Yes, it's official -- our team is now called the New Orleans Pelicans.
Before we go on this wonderful, exciting and new run with Tom Benson at the helm, let's first take a trip down memory lane and see what the Hornets name meant to the city of New Orleans.
Hornets' early New Orleans days
The New Orleans Hornets adopted a really good team from Charlotte in 2001-02. Before the Hornets (and George Shinn) left Charlotte, they appeared in three straight playoffs (from 2000-2002) on the back of Jamal Mashburn, Baron Davis and PJ Brown (and apparently, Eddie Jones, who I did not remember in that playoff team during Baron Davis' rookie season). Those three (along with Lebron James and Yao Ming) were my first memory of basketball post Jordan (yes, including that horrible Wizards seasons he had.)
I was a kid back then whose only idea of "basketball" was getting the ball through the hoop and preventing the other team from scoring. That's why my love affair with Jamal Mashburn and Baron Davis lasted for a couple more years before I started playing organized basketball (despite both being really inefficient shooters).
Nonetheless, one key, defining aspect of that New Orleans team was their defense. Their defensive ranking (in terms of defensive rating) was 8th, 6th and 10th. And despite the relative inefficiency of their top two scorers (they still hold a soft spot in my heart for being my post-Jordan childhood heroes), the Hornets would find a way to get into the playoffs. Coach Silas (who I briefly followed when he transferred to the Cavaliers and the Bobcats, again because of my childhood affection for that team) was able to carve out an effective defense by limiting second chance opportunities (3rd, 1st and 6th in DRB% rate). Most important in all these defensive schemes was a. Baron Davis' ability to wreak havoc in the perimeter and b. PJ Brown's quiet but effective way of playing defense.
The Hornets would unexpectedly not re-up Paul Silas contract even after a strong finish in the season. The continuous early exits might have played a role (two first round exits and two Eastern Semis defeat) but it came as a surprise to everybody (especially to the young old me).
Tim Floyd would be re-hired and would lead the Hornets despite injuries to Baron Davis (16 games missed) and Mashburn (64 games missed).
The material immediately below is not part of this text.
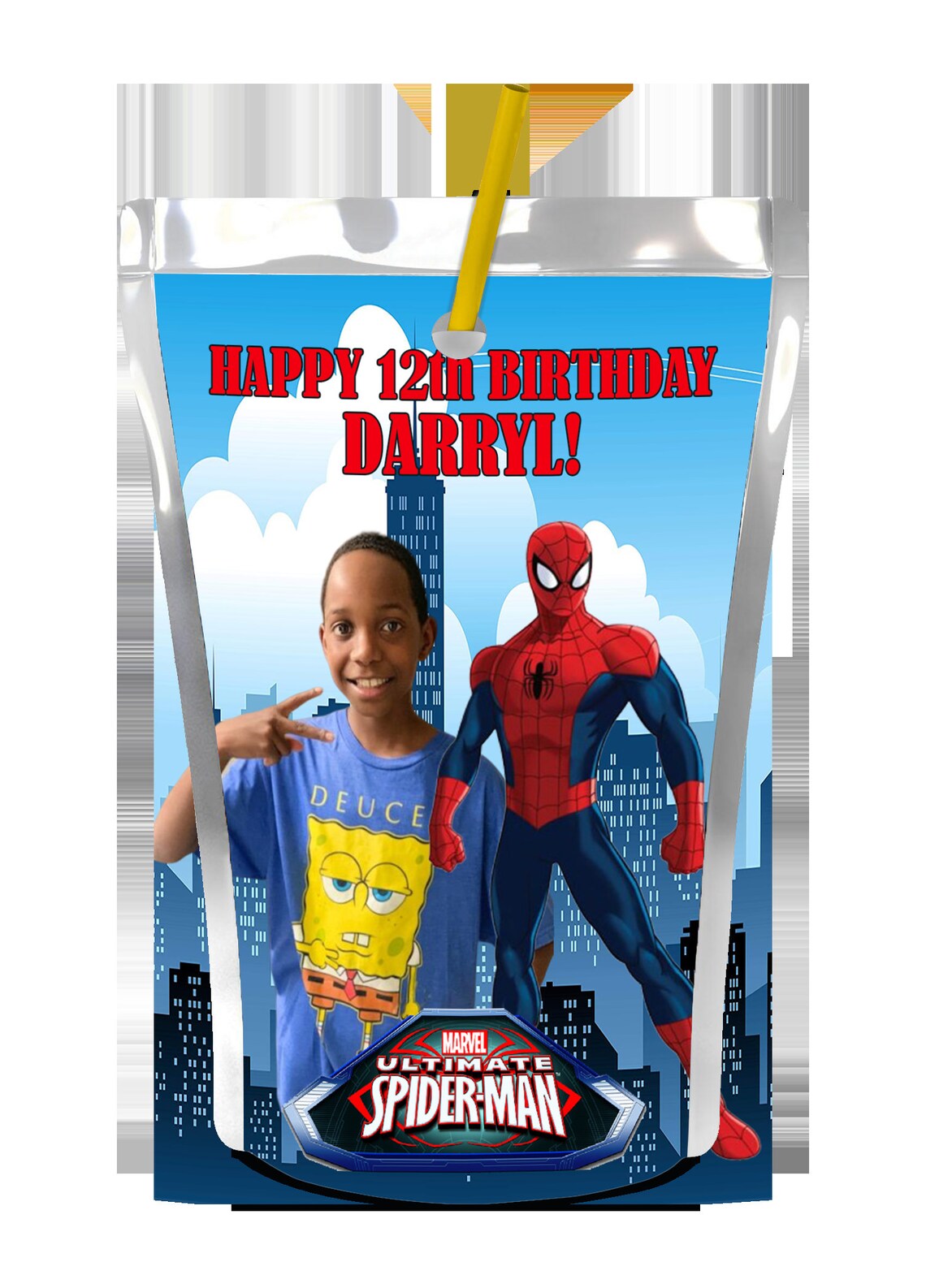 Spiderman Juice Labelscustom Juicespiderman Etsy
I remember that year in particular because of Dwayne Wade's Game 1 floater over Davis. It hurts to know that we were one of Wade's first victims.
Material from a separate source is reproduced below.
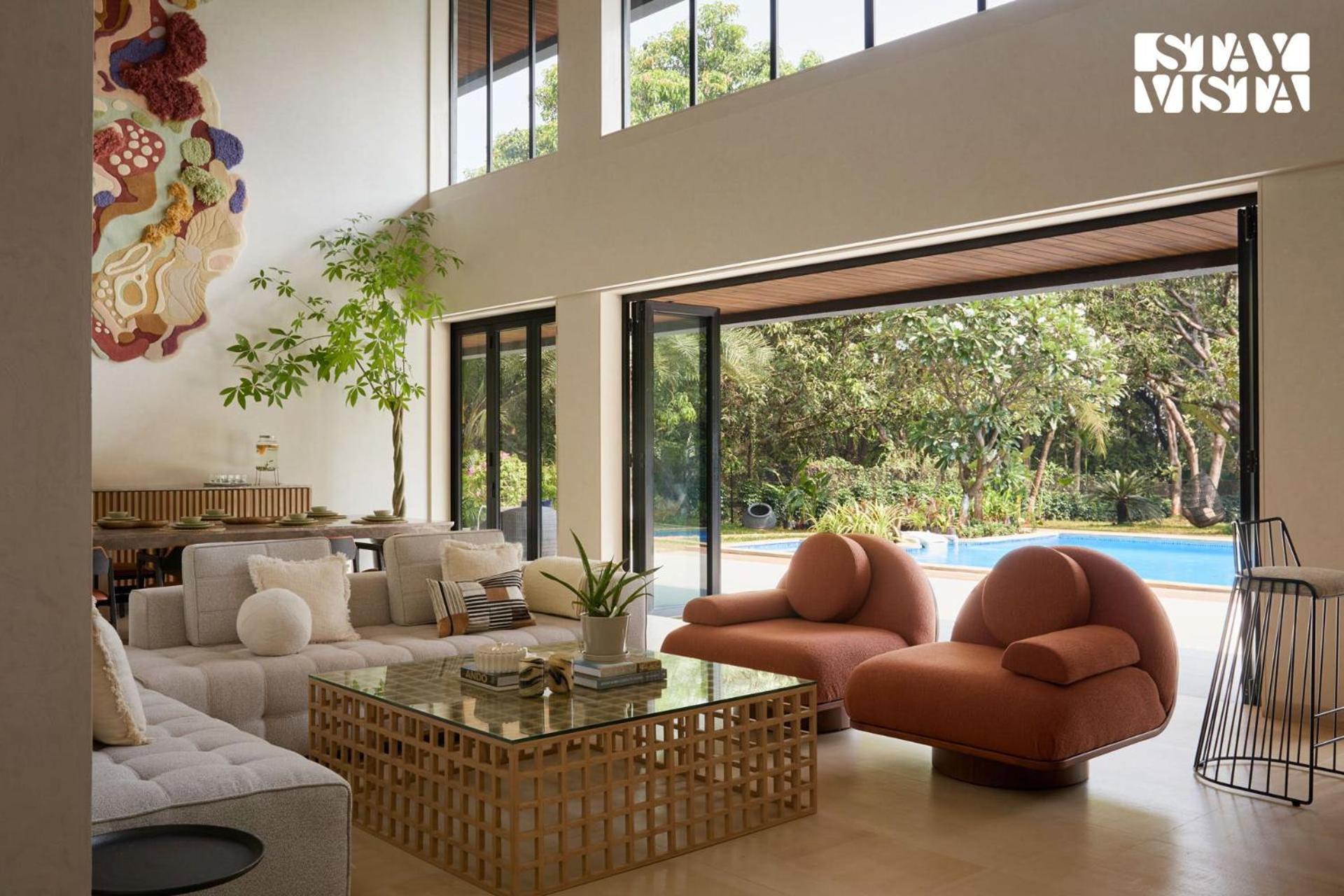 Reflection House By Stayvista With Pool, Terrace Bar, Indoor Games & Exquisite Interiors In A Nutshell 알리바그 외부 사진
Soon thereafter, a new era would begin.
The arrival of a Point God
Tim Floyd would be replaced with the more exciting Byron Scott (who just had 2 NBA Finals appearance with the Jason Kidd-led Nets). An injured Mashburn and "disgrunted" (reportedly) Davis were traded right before the deadline in Scott's first season. As a bright spot, the Hornets drafted David West out of Xavier University.
That season in particular was hard to read on the newspaper -- Lee freaking Nailon and Dan Dickau were the regular headlines on the news for the Hornets back then.
And despite holding the 2nd most lottery balls at that time, New Orleans would drop by two spots, leapfrogged by Milwaukee - who won the #1 pick - and Portland who won the #3 pick (They'd trade that pick for #5 (Martell Webster) and #27 (Linas Kleiza) ).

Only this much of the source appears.